* **HOW TO COMPLETE THIS TASK**
Start at the first line below and write out everything verbatim except the pictures.

* **DATASET EXCERPT**
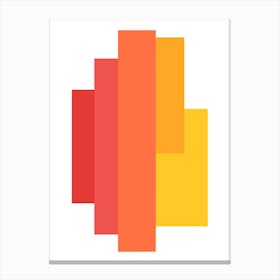 Red, Orange and Yellow Geometric Canvas Print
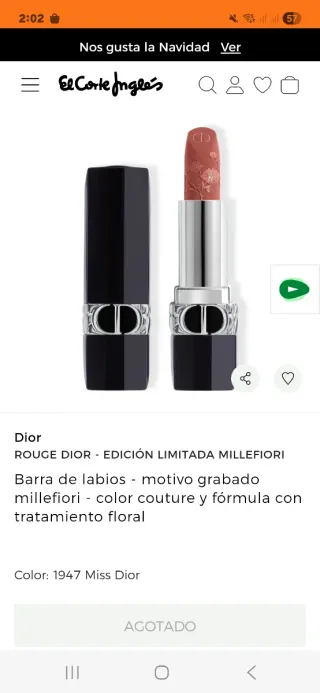 Pintalabios Dior Edición Limitada Millefiori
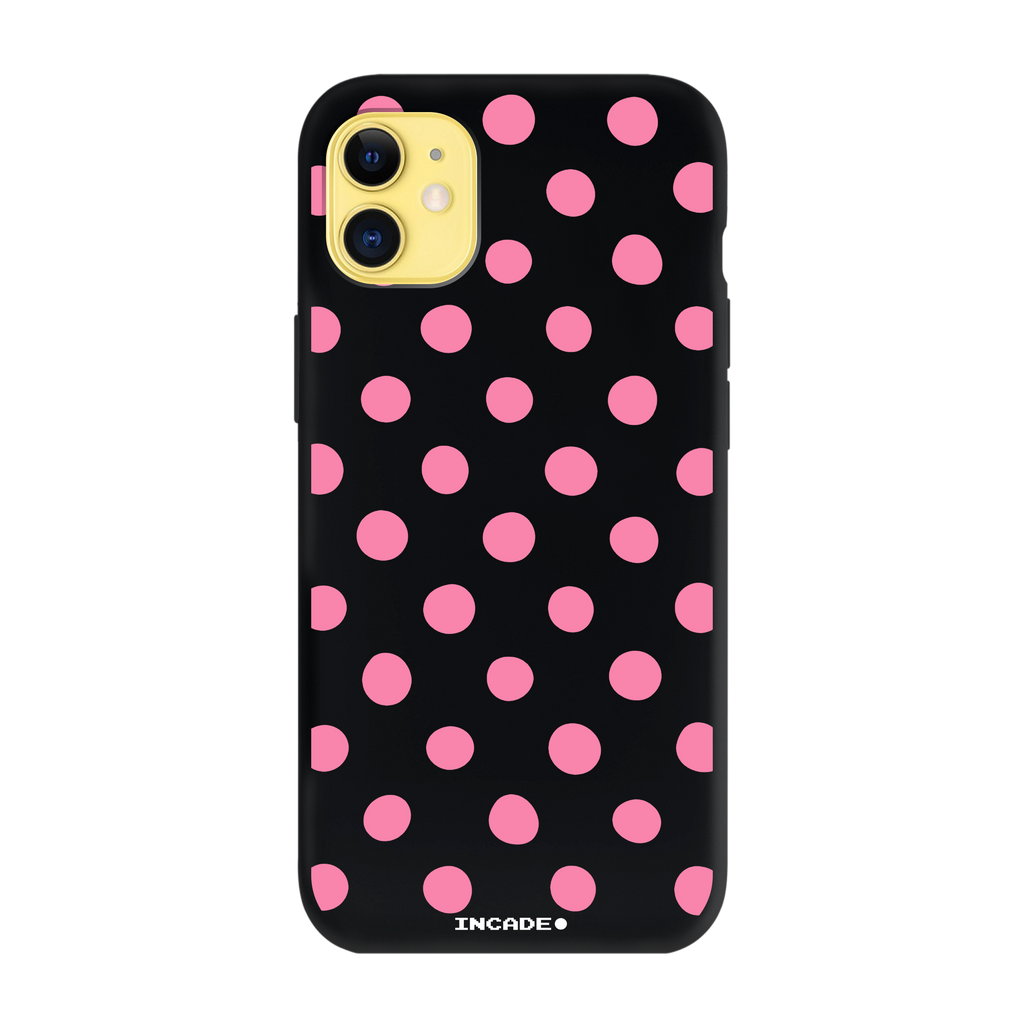 Чохол для iPhone 11 POLKADOT ROSE yellow — INCADE Black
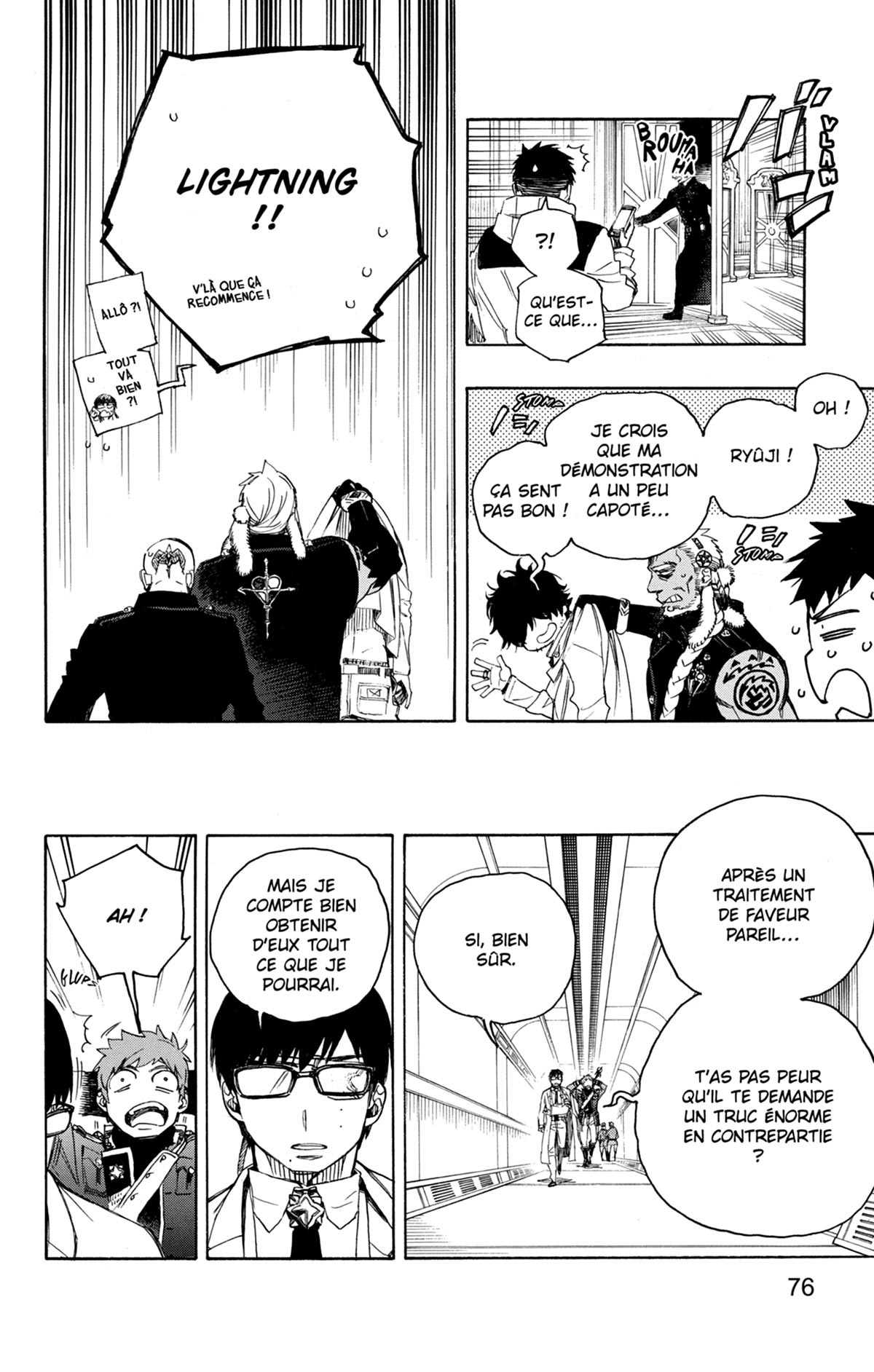 Read Ao No Exorcist fr Manga Online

* **WRITTEN SOLUTION**
 Red, Orange and Yellow Geometric Canvas Print
 Pintalabios Dior Edición Limitada Millefiori
 Чохол для iPhone 11 POLKADOT ROSE yellow — INCADE Black
 Read Ao No Exorcist fr Manga Online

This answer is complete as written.